Data set transformations allow admins to create new (derived) data sets by applying various operations such as filtering, field manipulation, and joining. To create, edit, delete, schedule, or execute a data set transformation, go to Admin→Data Set Transformations.

To create a new transformation, select a desired type in the drop-down located on the right side. Once configured, execute a transformation by clicking the run button at the associated row in the list table. Each transformation produces a result data set with a configurable data set id, name, and storage type.
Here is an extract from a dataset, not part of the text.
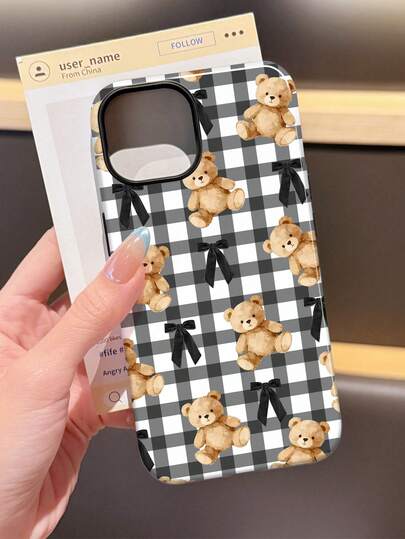 1pc Cute Cartoon Bear Bow Retro Plaid Pattern Glossy 2-In-1 Filmic Hard Phone Case, Suitable Compatible With Samsung/ 11/12/13/14/15/16/17 Pro Max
Transformations can be scheduled for periodic execution (daily at a specified time) and support stream-based processing for large data sets.

Note
Data set transformations can be created and executed only by admins.

Copy

Creates a complete copy of a source data set. This is useful as a starting point for further modifications or as a backup before applying destructive changes.


Filter

Creates a new data set containing only the rows that match specified filter conditions. This allows you to create subsets of data based on criteria such as field values, ranges, or combinations using AND logic.


Drop Fields

Creates a new data set with specified fields removed. Use this to strip unnecessary or sensitive columns from a data set.


Rename Fields

Creates a new data set with specified fields renamed using old-to-new name mappings. This is useful for standardizing field names across data sets or making them more descriptive.


Change Field Types

Creates a new data set where specified fields have their data types changed (e.g., from String to Integer, or from Integer to Enum). This is helpful when automatic type inference did not produce the desired result.


Change Field Enums

Updates enumeration values of specified fields in-place (without creating a new data set). Use this to relabel categories, e.g., renaming "0" and "1" to "Control" and "Case".


Infer

Re-infers field types, enumerations, and statistics from the source data. This is useful after manual data modifications or when the original type inference needs to be refreshed.






Merge Multi Data Sets

Merges multiple data sets by appending rows (union-like operation) with explicit field name mappings. Use this when combining data sets that have different field names but represent the same data.


Merge Fully Multi Data Sets

Merges multiple data sets with automatic field matching. All fields from all source data sets are included in the result, with automatic alignment of matching field names.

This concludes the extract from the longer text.